CBE - File photo
CAIRO – 8 June 2017: Egypt’s annual urban inflation declined to 30.9 percent in May, compared to 32.06 percent by the end of April, state statistics body announced Thursday.
Recording the first drop in six months, the urban consumer inflation also fell to 29.7 percent in May year-on-year, down from 31.5 percent in April, the Central Agency for Public Mobilization and Statistics (CAPMAS) said.
The food and beverage basket hiked 1.9 percent in May on the monthly level, while it leaped 41.6 percent on the annual level. The rise was no surprise as food and beverage consumption usually increases in the holy month of Ramadan.
The Consumer Price Index (CPI) hiked 1.6 percent in May, compared to 1.8 percent in April and 2.1 percent in March.

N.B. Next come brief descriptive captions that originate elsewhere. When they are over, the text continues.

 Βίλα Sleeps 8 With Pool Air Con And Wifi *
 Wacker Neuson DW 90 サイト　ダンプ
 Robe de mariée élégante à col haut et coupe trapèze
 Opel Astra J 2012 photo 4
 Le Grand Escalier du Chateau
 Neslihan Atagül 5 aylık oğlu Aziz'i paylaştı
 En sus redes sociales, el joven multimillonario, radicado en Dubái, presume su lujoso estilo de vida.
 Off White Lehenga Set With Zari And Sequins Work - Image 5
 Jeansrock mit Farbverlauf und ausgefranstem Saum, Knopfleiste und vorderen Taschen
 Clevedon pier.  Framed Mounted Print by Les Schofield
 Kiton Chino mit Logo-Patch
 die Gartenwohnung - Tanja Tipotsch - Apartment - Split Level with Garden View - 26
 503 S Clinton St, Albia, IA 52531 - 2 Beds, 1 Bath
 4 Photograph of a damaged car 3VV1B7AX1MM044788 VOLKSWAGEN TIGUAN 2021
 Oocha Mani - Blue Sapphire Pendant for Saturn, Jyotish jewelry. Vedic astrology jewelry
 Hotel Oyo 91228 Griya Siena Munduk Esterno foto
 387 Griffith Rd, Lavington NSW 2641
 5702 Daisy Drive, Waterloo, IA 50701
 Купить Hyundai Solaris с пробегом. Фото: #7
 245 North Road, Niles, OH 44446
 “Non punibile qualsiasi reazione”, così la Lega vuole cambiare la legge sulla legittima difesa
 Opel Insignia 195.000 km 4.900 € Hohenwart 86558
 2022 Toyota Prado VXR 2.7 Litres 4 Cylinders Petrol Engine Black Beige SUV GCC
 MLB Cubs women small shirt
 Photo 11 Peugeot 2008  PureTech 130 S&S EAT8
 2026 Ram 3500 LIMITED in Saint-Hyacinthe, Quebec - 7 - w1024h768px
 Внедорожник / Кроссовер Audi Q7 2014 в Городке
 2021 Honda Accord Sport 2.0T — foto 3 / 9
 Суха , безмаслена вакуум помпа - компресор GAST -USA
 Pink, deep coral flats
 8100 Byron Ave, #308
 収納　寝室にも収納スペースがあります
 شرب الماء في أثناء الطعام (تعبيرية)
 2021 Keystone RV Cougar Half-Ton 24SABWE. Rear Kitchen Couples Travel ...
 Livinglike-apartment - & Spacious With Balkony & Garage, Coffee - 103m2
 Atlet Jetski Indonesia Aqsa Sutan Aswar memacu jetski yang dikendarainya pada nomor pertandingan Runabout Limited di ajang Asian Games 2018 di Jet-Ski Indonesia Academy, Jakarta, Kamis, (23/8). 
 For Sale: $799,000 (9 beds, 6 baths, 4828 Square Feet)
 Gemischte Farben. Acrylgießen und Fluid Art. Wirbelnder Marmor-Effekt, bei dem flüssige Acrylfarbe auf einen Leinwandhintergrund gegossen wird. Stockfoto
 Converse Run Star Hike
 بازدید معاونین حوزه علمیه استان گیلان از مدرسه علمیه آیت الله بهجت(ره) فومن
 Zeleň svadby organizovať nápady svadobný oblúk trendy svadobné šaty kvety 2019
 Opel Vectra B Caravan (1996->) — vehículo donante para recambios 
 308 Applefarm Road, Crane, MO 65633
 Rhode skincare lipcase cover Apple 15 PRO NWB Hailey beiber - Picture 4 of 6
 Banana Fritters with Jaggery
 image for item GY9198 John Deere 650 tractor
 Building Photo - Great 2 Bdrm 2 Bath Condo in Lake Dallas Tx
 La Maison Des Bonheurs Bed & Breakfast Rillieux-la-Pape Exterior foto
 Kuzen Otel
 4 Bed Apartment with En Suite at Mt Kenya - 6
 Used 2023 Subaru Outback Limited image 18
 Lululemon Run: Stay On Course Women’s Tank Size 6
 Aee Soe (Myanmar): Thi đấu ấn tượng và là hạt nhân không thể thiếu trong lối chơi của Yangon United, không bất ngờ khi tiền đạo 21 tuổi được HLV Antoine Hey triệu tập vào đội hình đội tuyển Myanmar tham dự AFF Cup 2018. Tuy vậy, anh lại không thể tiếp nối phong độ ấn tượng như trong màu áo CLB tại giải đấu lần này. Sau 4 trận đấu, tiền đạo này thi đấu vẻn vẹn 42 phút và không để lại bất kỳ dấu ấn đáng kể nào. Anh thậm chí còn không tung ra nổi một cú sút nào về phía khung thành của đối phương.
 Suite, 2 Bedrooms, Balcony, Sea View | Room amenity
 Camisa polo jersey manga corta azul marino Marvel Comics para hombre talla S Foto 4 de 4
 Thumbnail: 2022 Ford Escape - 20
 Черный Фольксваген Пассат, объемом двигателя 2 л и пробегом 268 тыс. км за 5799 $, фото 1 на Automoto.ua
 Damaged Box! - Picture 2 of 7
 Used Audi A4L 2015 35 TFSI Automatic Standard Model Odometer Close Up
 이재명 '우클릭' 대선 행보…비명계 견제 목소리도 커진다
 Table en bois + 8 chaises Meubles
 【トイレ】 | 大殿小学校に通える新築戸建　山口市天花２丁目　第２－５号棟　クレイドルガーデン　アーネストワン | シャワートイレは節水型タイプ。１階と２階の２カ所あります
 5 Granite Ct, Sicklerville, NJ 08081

May’s inflation rate is evidence that the inflationary effects of the flotation of the Egyptian pound in April “started to fade,” Jason Tuvey, economist at London-based economic research consultancy Capital Economics said Thursday.
Possible subsidy cuts at the beginning of the new fiscal year in July and full application of the value-added tax may cause another jump in inflation, Tuvey said.
“Overall, though, we think the general trend over the next twelve to 18 months will be towards weaker inflation,” he pointed out.
Capital Economics expects a reduction in the interest rates to come at the end of 2017, to serve a long-term target of 13 percent inflation by the end of 2018.
In a move to curb inflation, the CBE decided in late May to increase the overnight deposit and lending rates by 200 basis points from 14.75 percent to 16.75 percent, and from 15.75 percent to 17.75 percent, respectively.